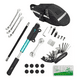 thumbnail image 1 of Herramienta Para Bicicleta 16pcs Kit Reparacion Bicicleta negro plata, 1 of 5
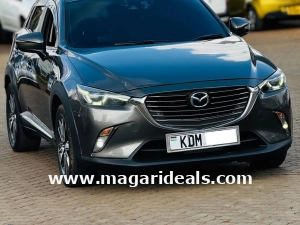 Mazda CX-3 for Sale in Kenya – Price of New & Used Models from Kshs 1,580,000. Spacious Interiors, SkyActiv Efficiency & SUV Performance – Buy w/Confidence!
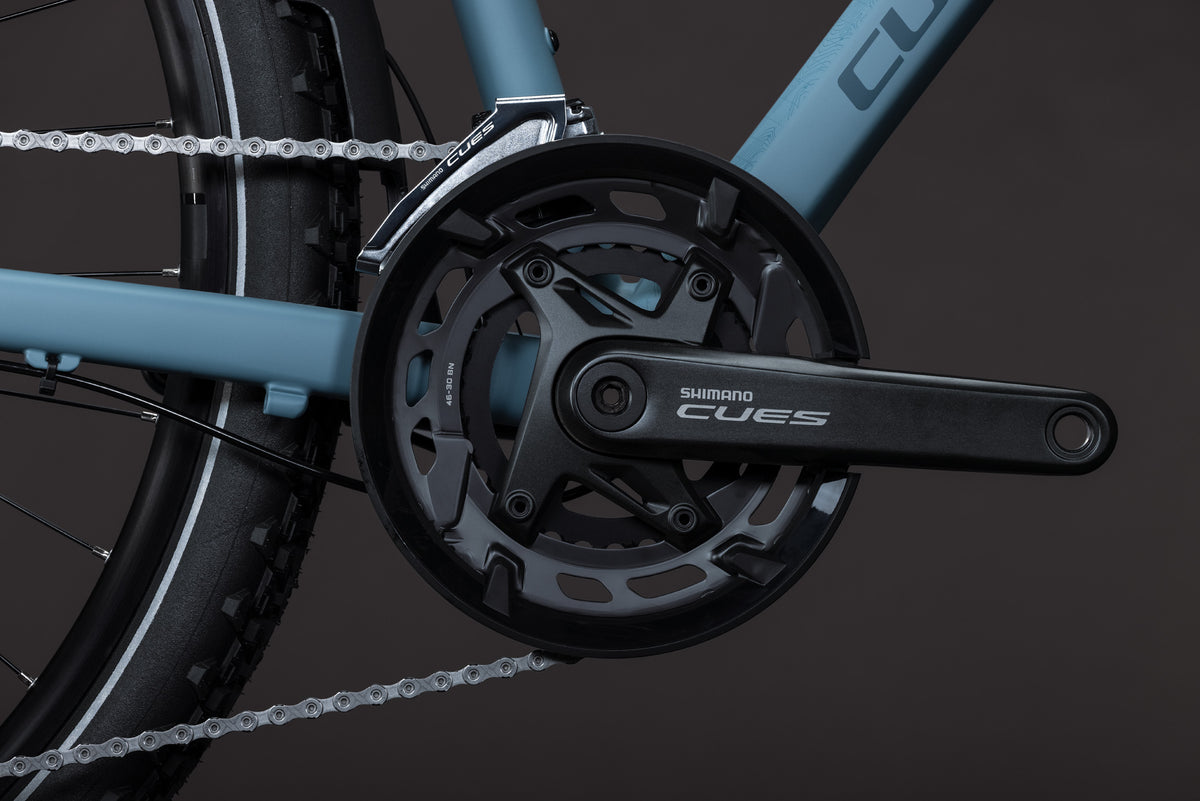 CUBE Nature Pro FE Trekkingrad 2027, Cockpit und Lenker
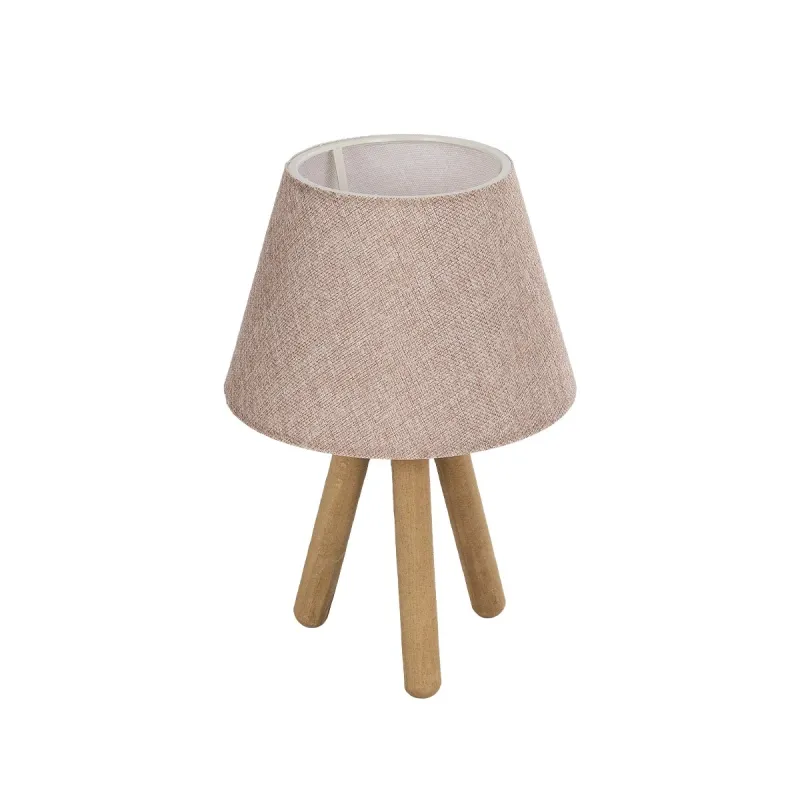 GLOBOSTAR® CAP 204-0070 Μοντέρνο Επιτραπέζιο Φωτιστικό Πορτατίφ με Ντουί 1 x E27 AC 220-240V IP20 - Καφέ & Ροζ - Μ22 x Π22 x Υ33cm GLOBOSTAR® CAP 204-0070 Μοντέρνο Επιτραπέζιο Φωτιστικό Πορτατίφ με Ντουί 1 x E27 AC 220-240V IP20 - Καφέ & Ροζ - Μ22 x Π22 x Υ33cm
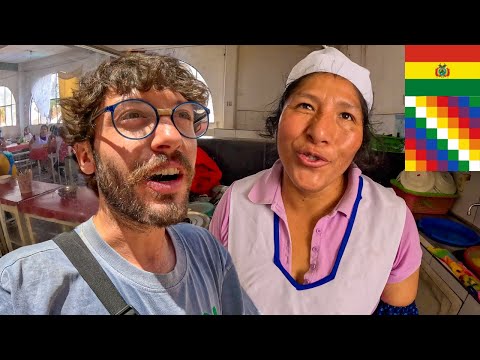 Bolivyalı Kadından İtiraflar! Bolivya'daki İlk Günüm Bakın Nasıl Geçti #330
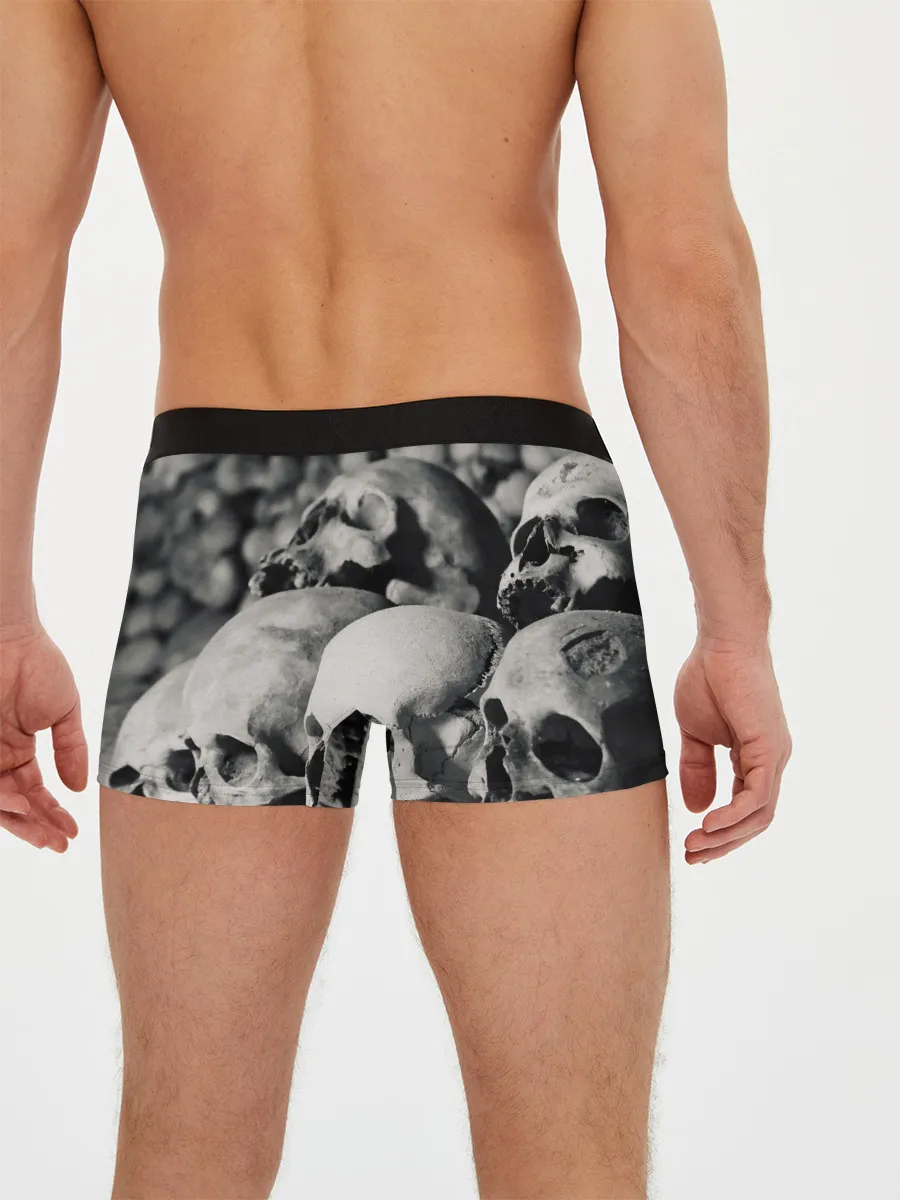 Мужские трусы боксеры / ЧЕРЕПА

-------------------------

* TASK DIRECTIONS
Reproduce verbatim every line starting at the line that holds "x Υ33cm GLOBOSTAR®" and ending with the final line of the data; omit the pictures.

* ANSWER FOR THIS EXERCISE
 GLOBOSTAR® CAP 204-0070 Μοντέρνο Επιτραπέζιο Φωτιστικό Πορτατίφ με Ντουί 1 x E27 AC 220-240V IP20 - Καφέ & Ροζ - Μ22 x Π22 x Υ33cm GLOBOSTAR® CAP 204-0070 Μοντέρνο Επιτραπέζιο Φωτιστικό Πορτατίφ με Ντουί 1 x E27 AC 220-240V IP20 - Καφέ & Ροζ - Μ22 x Π22 x Υ33cm
 Bolivyalı Kadından İtiraflar! Bolivya'daki İlk Günüm Bakın Nasıl Geçti #330
 Мужские трусы боксеры / ЧЕРЕПА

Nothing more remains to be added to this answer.